§ Data under study:
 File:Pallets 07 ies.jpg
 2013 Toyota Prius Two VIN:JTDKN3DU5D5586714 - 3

--

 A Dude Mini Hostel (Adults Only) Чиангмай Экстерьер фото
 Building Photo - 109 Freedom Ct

---

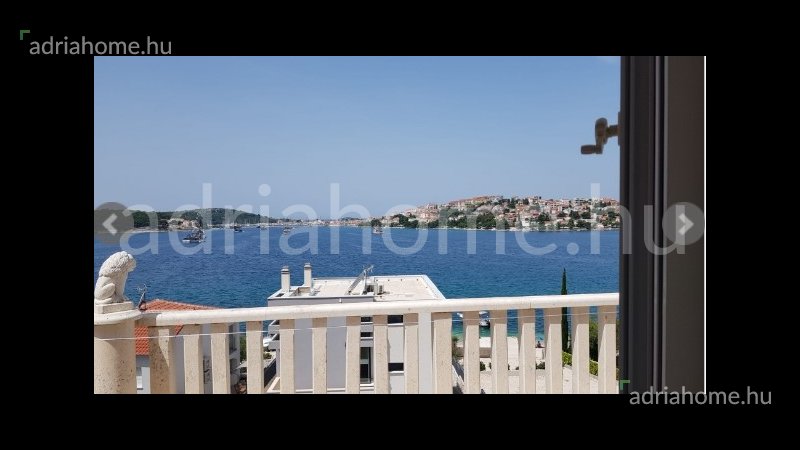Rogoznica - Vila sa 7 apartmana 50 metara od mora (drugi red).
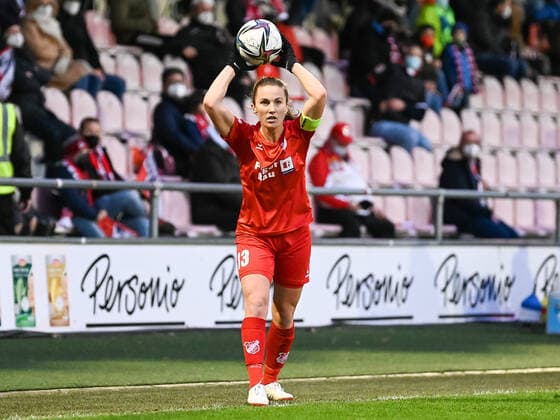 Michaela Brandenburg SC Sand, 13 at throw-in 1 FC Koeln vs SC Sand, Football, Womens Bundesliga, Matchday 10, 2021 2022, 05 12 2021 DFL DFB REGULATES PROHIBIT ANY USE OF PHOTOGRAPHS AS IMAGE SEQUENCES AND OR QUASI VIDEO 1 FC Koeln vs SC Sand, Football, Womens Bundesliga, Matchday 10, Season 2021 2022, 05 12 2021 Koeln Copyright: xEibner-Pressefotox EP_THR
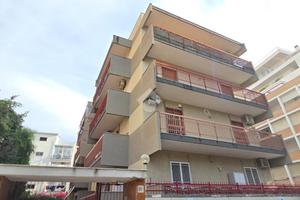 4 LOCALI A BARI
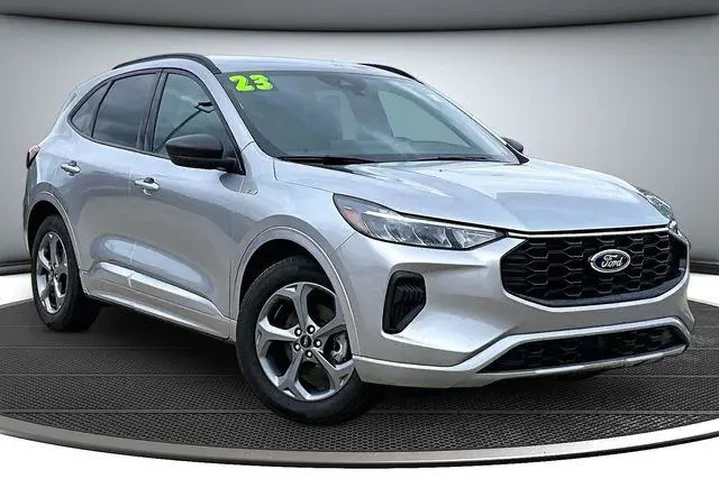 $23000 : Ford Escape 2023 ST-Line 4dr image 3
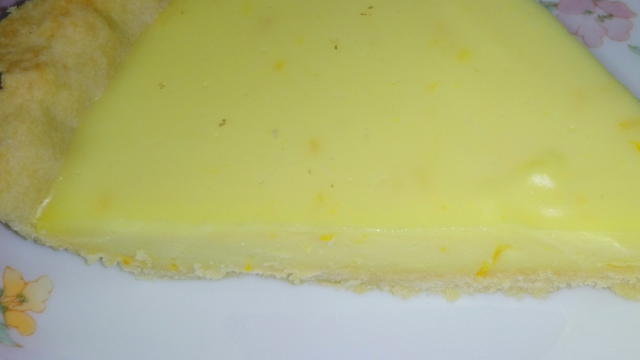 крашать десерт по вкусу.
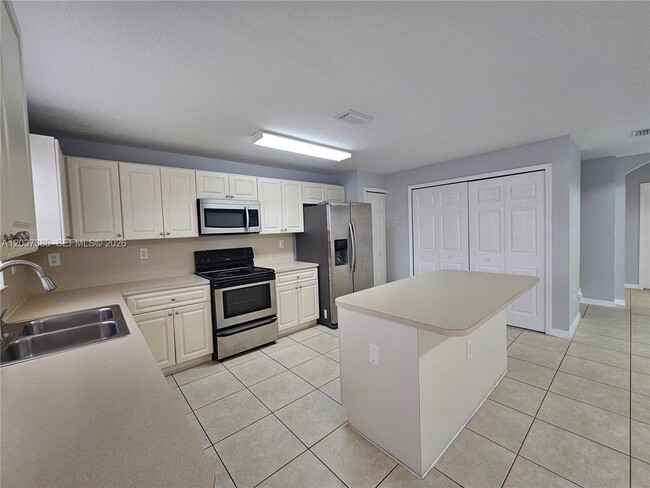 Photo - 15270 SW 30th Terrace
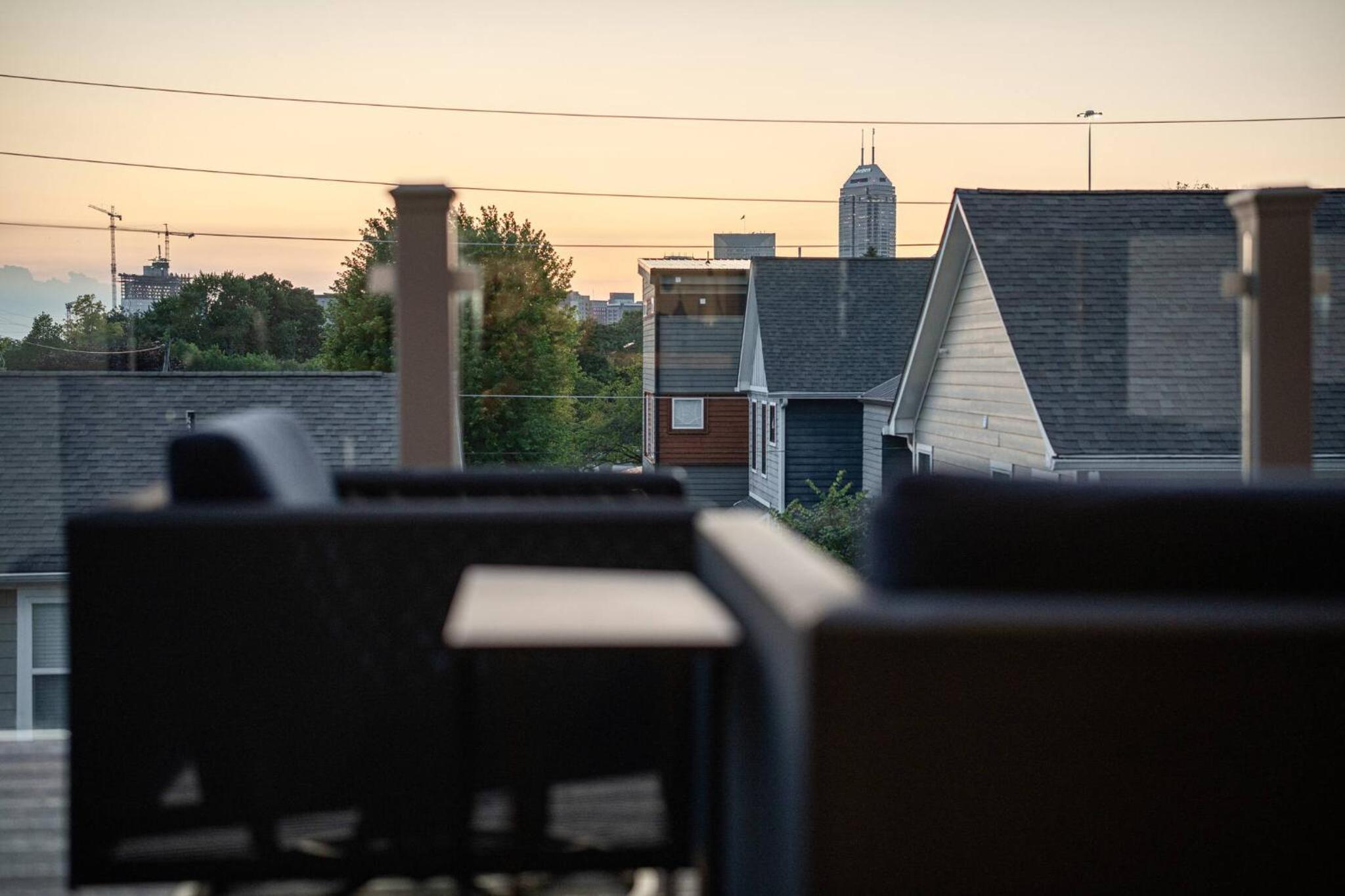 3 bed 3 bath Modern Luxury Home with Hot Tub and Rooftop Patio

§ Work to be completed:
Your reply is to repeat, unchanged, the lines above running from the one with "File:Pallets 07 ies.jpg" up to and including the one with "2013 Toyota Prius".

§ Expected answer:
 File:Pallets 07 ies.jpg
 2013 Toyota Prius Two VIN:JTDKN3DU5D5586714 - 3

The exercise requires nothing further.